I prezzi dei beni alimentari in Italia sono saliti in modo significativo, con un incremento del 30,1% a luglio 2025 rispetto al livello medio del 2019. L’analisi è stata pubblicata dall’Istat nella sua ultima Nota sull’andamento dell’economia, evidenziando una forte impennata tra la fine del 2021 e i primi mesi del 2023, seguita da una crescita più moderata.
Sebbene l’aumento sia notevole, l’Italia si colloca in una posizione relativamente migliore rispetto ad altri Paesi dell’Unione Europea. La crescita dei prezzi alimentari nel nostro Paese è infatti inferiore alla media dell’UE27 (+39,2%). La situazione è peggiore in Germania (+40,3%) e Spagna (+38,2%), mentre la Francia (+27,5%) ha registrato un aumento leggermente più contenuto.
L’aumento dei prezzi alimentari, che rappresentano l’88,5% del cosiddetto “carrello della spesa”, ha influenzato in modo determinante l’inflazione complessiva. Questo fenomeno ha ampliato il divario tra l’inflazione del carrello della spesa e l’indice generale, che include anche i prezzi energetici. Il differenziale è passato da 0,2 punti percentuali a marzo 2025 a 1,9 punti percentuali ad agosto.

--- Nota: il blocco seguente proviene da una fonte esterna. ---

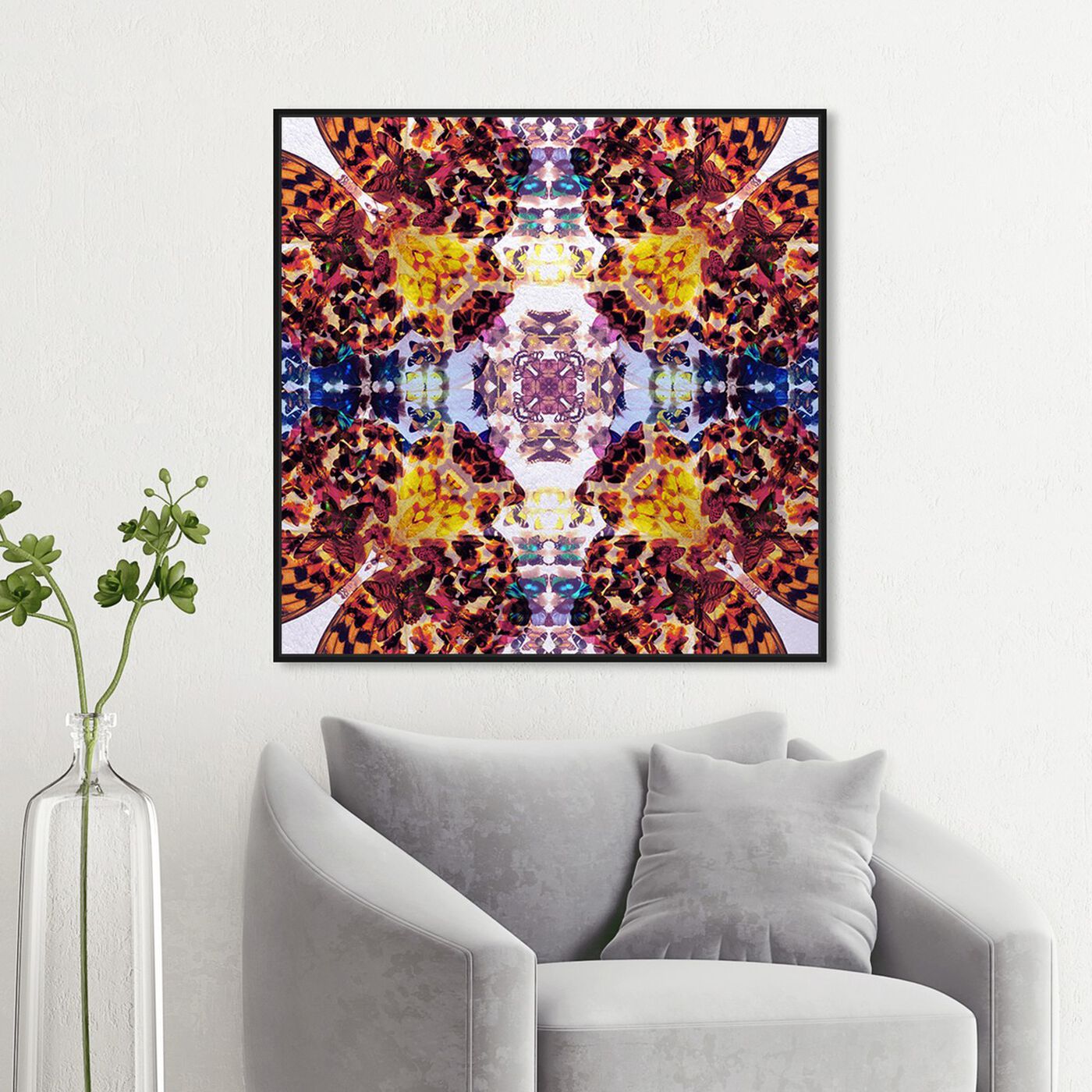 Hanging view of Tiger Winged featuring abstract and patterns art.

I dati diffusi dall’Istat peggiorano una condizione gia’ fortemente critica: i prezzi dei generi alimentari in Italia hanno registrato un incremento del 30 per cento – un terzo in piu’ – rispetto al 2019, con una crescita particolarmente marcata tra la fine del 2021 e i primi mesi del 2023. Un trend che da semplice aumento si e’ trasformato in una vera e propria esplosione, con effetti pesanti per i settori legati alla trasformazione dei beni alimentari, come la ristorazione collettiva. Un comparto strategico per scuole, sanita’, aziende e comunita’, gia’ gravato dall’aumento dei costi energetici e delle materie prime, oltre al costo derivante dall’applicazione del nuovo Ccnl per le maestranze, e che oggi si trova senza un meccanismo efficace di riconoscimento e adeguamento dei prezzi nei contratti pubblici, a causa delle attuali regole del Codice degli Appalti.
“Questi numeri vanno anche oltre la realta’ che denunciamo da tempo – dichiara Massimo Piacenti, presidente di Anir Confindustria -. L’aumento esponenziale dei prezzi alimentari non ha come contraltare il riconoscimento dei costi nei meccanismi vigenti di revisione dei prezzi per i servizi previsti dal Codice degli Appalti. Una stortura del codice che non permette un adeguamento reale dei contratti rispetto alla crescita dei costi di produzione. Il risultato e’ che le imprese della ristorazione collettiva si trovano a dover garantire ogni giorno un servizio pubblico essenziale senza gli strumenti economici necessari a renderlo sostenibile, ormai in completo disequilibrio. Non e’ piu’ rinviabile che tutte le stazioni appaltanti assumano come inderogabile l’obbligo della conservazione dell’equilibrio contrattuale per tutta la durata dei servizi”. Anir Confindustria richiama l’attenzione delle istituzioni su un settore labour-intensive che occupa decine di migliaia di persone e che svolge una funzione fondamentale per il welfare del Paese.
“Occorre ripristinare con urgenza che il meccanismo di revisione e adeguamento dei contratti agli indici dei consumi, sia obbligatorio, automatico e ordinaria, per tutelare le aziende e i servizi da dinamiche inflattive di questa portata, e che venga applicato in maniera coerente ed efficace – aggiunge Piacenti -. In questa direzione e’ fondamentale il lavoro che sta svolgendo il Tavolo dei Servizi, tra cui quello della ristorazione collettiva, istituito presso il ministero delle Infrastrutture e dei Trasporti alla presenza del Viceministro Edoardo Rixi. Ci aspettiamo che a breve si possa porre rimedio alla norma e che vista l’urgenza si segni un passo concreto verso soluzioni condivise e realmente efficaci”.